**Try it:**
What appears in the data must be reproduced exactly.

**Data under study:**

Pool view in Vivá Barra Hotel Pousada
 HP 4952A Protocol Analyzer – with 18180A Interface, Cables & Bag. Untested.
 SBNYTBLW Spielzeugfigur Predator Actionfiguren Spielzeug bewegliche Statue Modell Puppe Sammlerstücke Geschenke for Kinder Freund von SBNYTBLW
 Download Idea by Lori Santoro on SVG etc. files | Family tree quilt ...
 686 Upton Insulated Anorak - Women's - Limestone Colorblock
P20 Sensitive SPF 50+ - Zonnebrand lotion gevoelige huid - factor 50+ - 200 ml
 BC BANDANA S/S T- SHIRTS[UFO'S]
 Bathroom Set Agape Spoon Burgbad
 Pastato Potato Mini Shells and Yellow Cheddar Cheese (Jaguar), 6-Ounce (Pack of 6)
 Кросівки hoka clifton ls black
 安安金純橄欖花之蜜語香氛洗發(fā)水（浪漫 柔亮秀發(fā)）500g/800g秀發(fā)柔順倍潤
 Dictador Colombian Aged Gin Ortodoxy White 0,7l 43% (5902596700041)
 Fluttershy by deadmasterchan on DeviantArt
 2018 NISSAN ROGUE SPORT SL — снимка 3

**Result:**
Pool view in Vivá Barra Hotel Pousada
 HP 4952A Protocol Analyzer – with 18180A Interface, Cables & Bag. Untested.
 SBNYTBLW Spielzeugfigur Predator Actionfiguren Spielzeug bewegliche Statue Modell Puppe Sammlerstücke Geschenke for Kinder Freund von SBNYTBLW
 Download Idea by Lori Santoro on SVG etc. files | Family tree quilt ...
 686 Upton Insulated Anorak - Women's - Limestone Colorblock
P20 Sensitive SPF 50+ - Zonnebrand lotion gevoelige huid - factor 50+ - 200 ml
 BC BANDANA S/S T- SHIRTS[UFO'S]
 Bathroom Set Agape Spoon Burgbad
 Pastato Potato Mini Shells and Yellow Cheddar Cheese (Jaguar), 6-Ounce (Pack of 6)
 Кросівки hoka clifton ls black
 安安金純橄欖花之蜜語香氛洗發(fā)水（浪漫 柔亮秀發(fā)）500g/800g秀發(fā)柔順倍潤
 Dictador Colombian Aged Gin Ortodoxy White 0,7l 43% (5902596700041)
 Fluttershy by deadmasterchan on DeviantArt
 2018 NISSAN ROGUE SPORT SL — снимка 3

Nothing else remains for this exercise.